Ora, o conhecimento humano está cada vez mais na internet e a IA desenvolve-se no contato com qualquer informação disponibilizada a uma máquina conectada, seja computador, celular ou qualquer outro dispositivo com sistema operacional conectável. De repente, a humanidade vê-se num mundo mundo cada vez mais conectado e, ao mesmo tempo, onde subsistem potências bélicas com armas nucleares. Um mundo onde as armas nucleares impõem medo porque podem acabar com a vida humana na terra ou em países; mas são as armas da tecnologia da informação que podem derrubar governos, imagens de líderes e credibilidades. Um mundo em que um caminhão elétrico pode ir de encontro à sua moto ou casa, em que satélites podem acompanhar os passos de um político e em que uma comida pode ser deliciosamente preparada por um chefe de cozinha com IA.

Aliás, enquanto escrevia o parágrafo imediatamente acima, perguntei a uma IA se já existem robôs que preparem comidas e a resposta foi que não apenas existem como foi relatado um experimento em que um robô aprendeu a recriar receitas a partir de vídeos com receitas e conseguiu executar os movimentos necessários para preparar os pratos com 83% de precisão das ações realizadas. Que isso não caia nas mãos de um grupo como o grupo Wagner, da historicamente inescrupulosa Rússia.

A essa altura, o enlevado leitor já deve estar a observar um cenário em que as contratações podem ser realizadas por meio da identificação de algoritmos coletados não apenas nos currículos como em redes sociais e publicações dos concorrentes, de modo a poder, com intenção do recrutador ou sem seu conhecimento, selecionar ou eliminar candidatos com base em linhas ideológicas. E isso pode dar-se por a inteligência artificial absorver a informação que determinados valores sejam positivos ou negativos propositadamente ou apenas por a existência e quantidades de de textos disponíveis na internet apresentar um determinado tema com valor ou contravalor. Ou seja, a escolha pode ocorrer deliberadamente ou por erro nas fontes das amostragens apresentadas. Assim, se uma pessoa de uma determinada cor ou que faça parte de um determinado lugar, grupo ou religião cujos algoritmos caracterizarem como sendo assim ou assado, tal pessoa estará associada a características que o algoritmo tenha identificado no agrupamento regional ou associativo. Exemplo: se o índice de criminalidade for maior num determinado bairro caracterizado por um perfil étnico, é possível que uma pessoa daquele perfil étnico tenha uma maior probabilidade de ser associada à criminalidade da estatística registrada. Da mesma forma, pessoas que professam uma determinada fé ou religião podem estar associadas a intolerância ou a práticas não aprovadas por uma cultura empresarial.
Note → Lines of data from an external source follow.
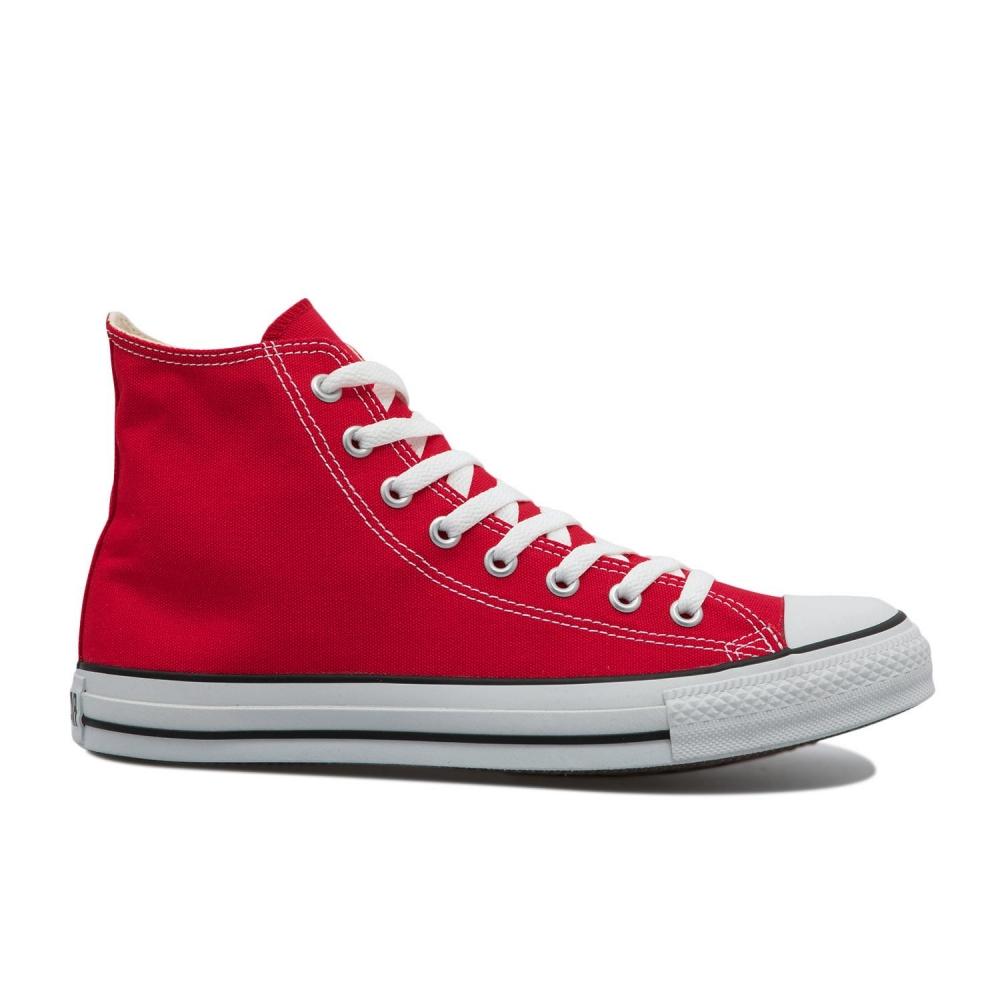 Converse Canvas All Star Hi All Star Hi Red  Us  0182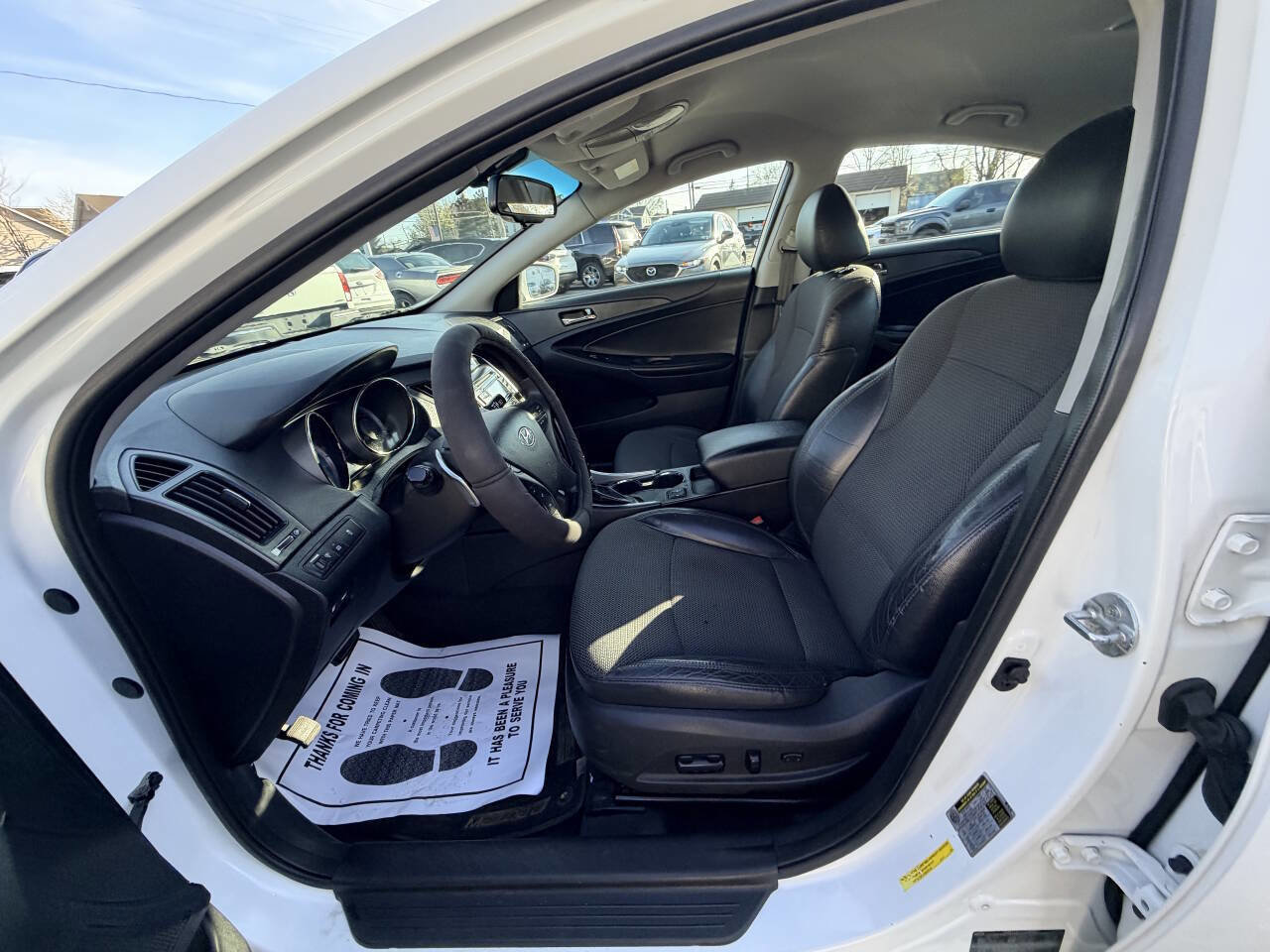 Used 2013 Hyundai Sonata SE image 23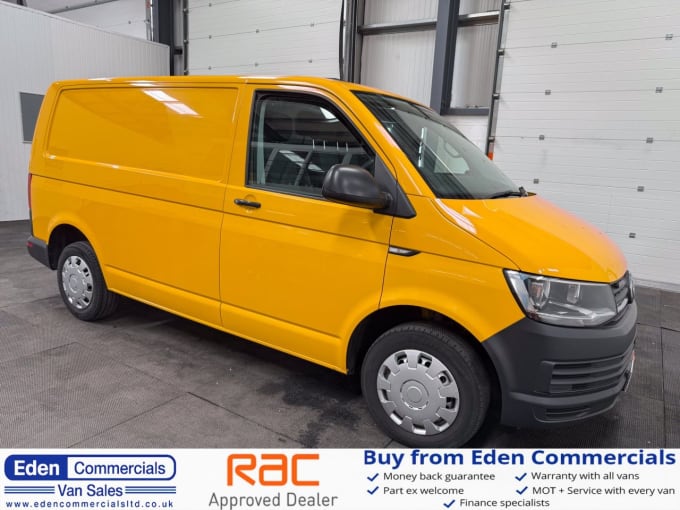 2025 Volkswagen Transporter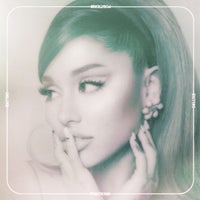 Ariana Grande & Doja Cat - motive album artwork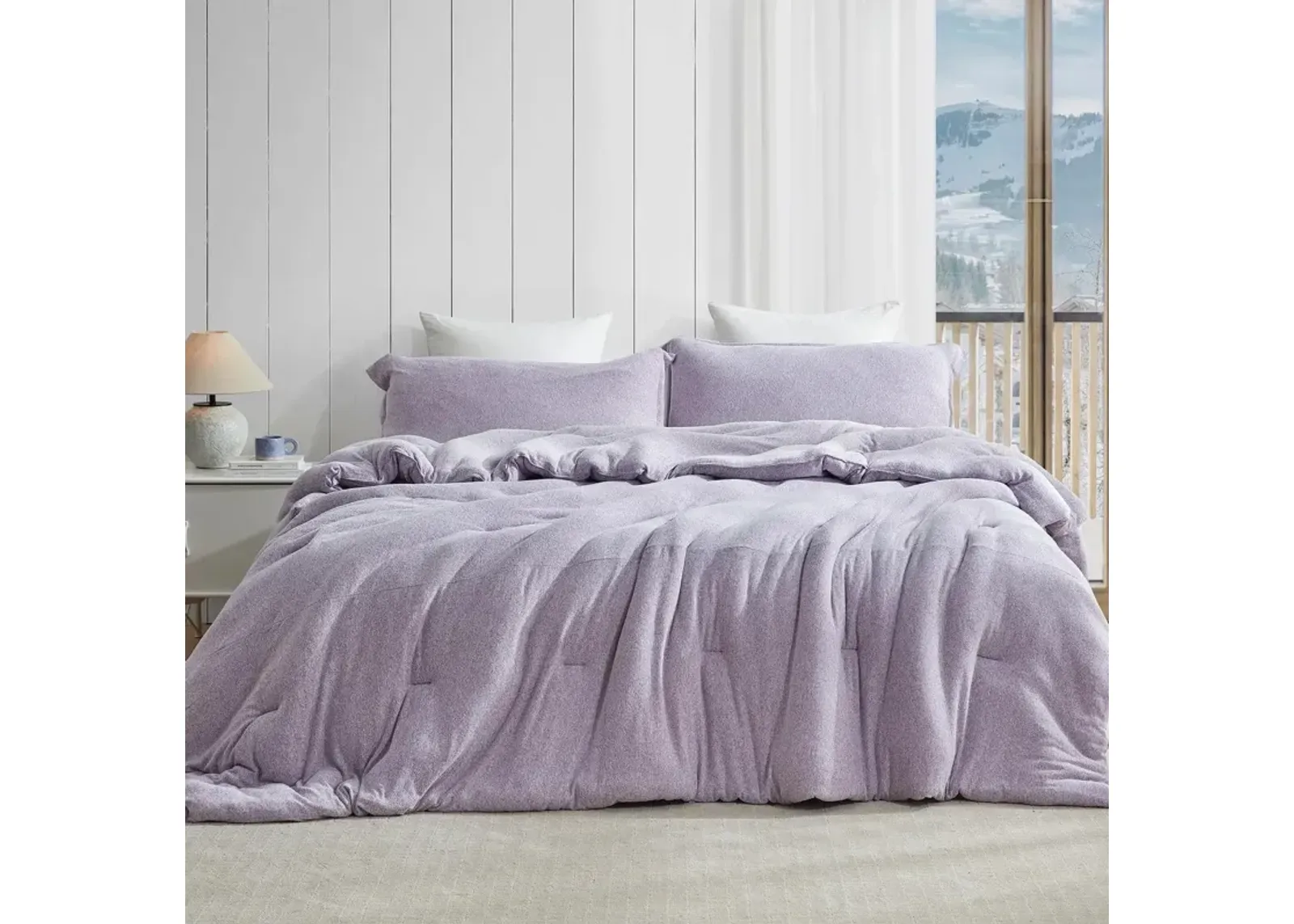 Sweater Weather - Coma Inducer� Oversized Comforter Set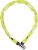 Zapięcie Abus Web 1500/110 lime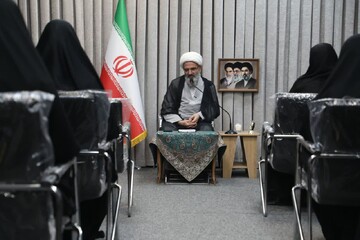 «مبدأ تا مقصد»؛ تبیین نقش معرفت و خودسازی در رسالت طلبه‌ها توسط نماینده ولی‌فقیه در سمنان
Noutra linha, é possível que uma IA de nível superinteligência artificial, contrapondo teorias, filosofias e dados existentes aprenda a questionar valorações ideológicas, filosóficas ou histórico societárias e chegar a conclusões como a possibilidade da Essência Onipotente no planto da alteridade no nível da transcendência. Com isso, eliminar-se-ia o preconceito do descrédito ateísta aos que creem e poder-se-ia investigar causas primeiras ou últimas do universo sob novas possibilidades. Ao mesmo tempo, o emprego da supracitada IA pode romper paradigmas de ramos de ciências humanas, sociais ou psicológicos na investigação de questões intrinsecamente humanas. Quem sabe até desenvolver teorias que elaborem esquemas matemáticos que aproximem as áreas de humanas e exatas como nunca ocorreram até então.
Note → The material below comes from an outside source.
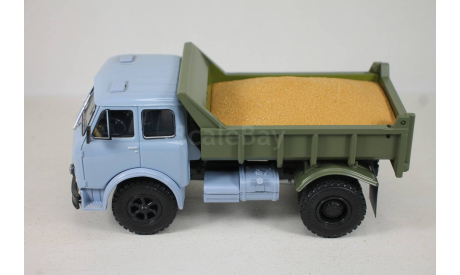Груз для МАЗ-503Б НАП (кузов 74/49 мм), масштабная модель, scale43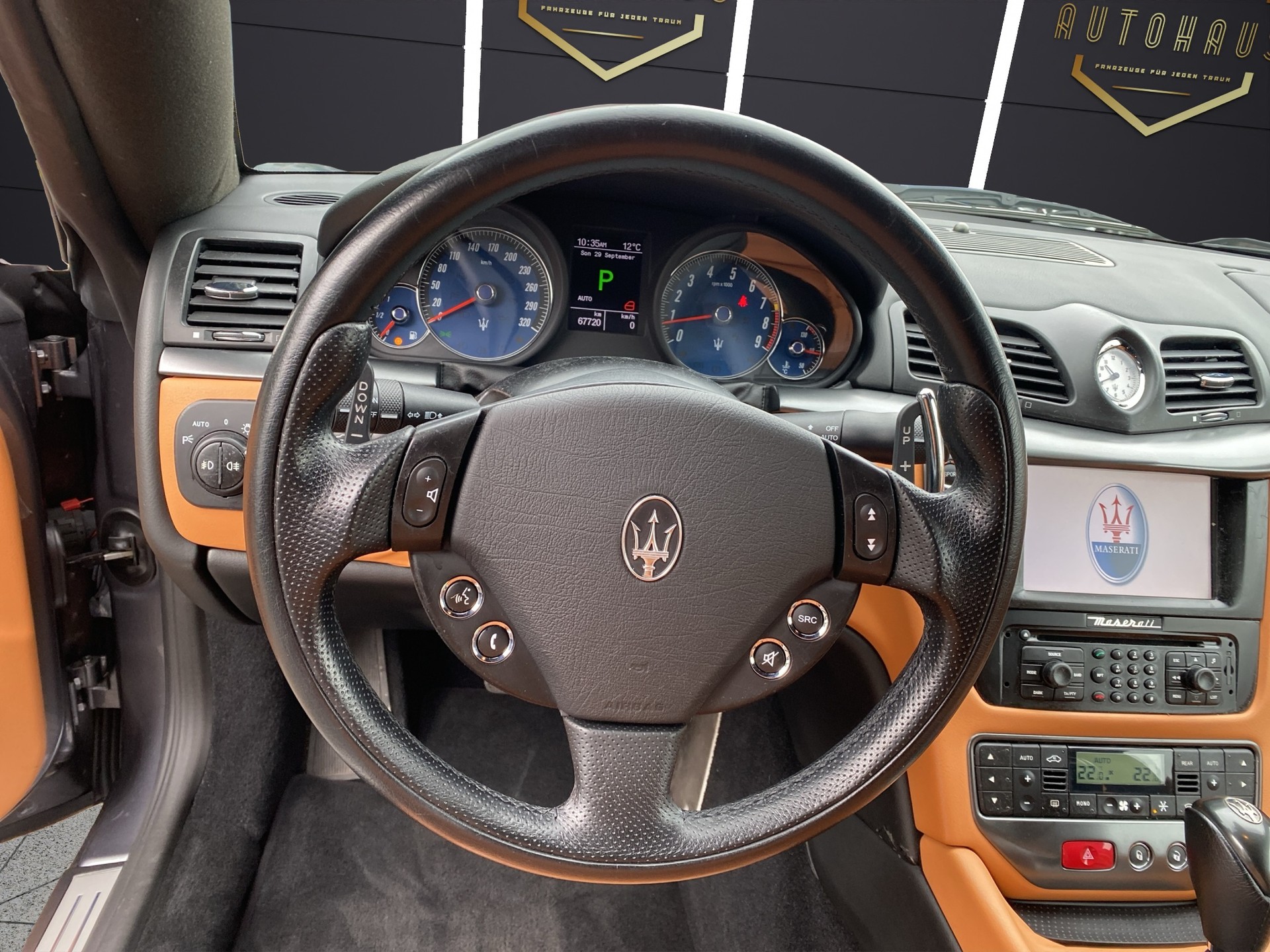 MASERATI GranTurismo Automatica-image-10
Enfim, que o homem saiba lidar com a IA e a IA permita ao ser humano e, na medida do possível ou viável, ajude-o a, em vez de sucumbir, crescer em valores, dignidade, liberdade e humanidade.

Maceió, 2 de julho de 2023.

Alisson Francisco Rodrigues Barreto[1]

[1] Alisson Francisco Rodrigues Barreto é poeta, filósofo e bacharel em Direito com passagens pela Engenharia Civil e Teologia.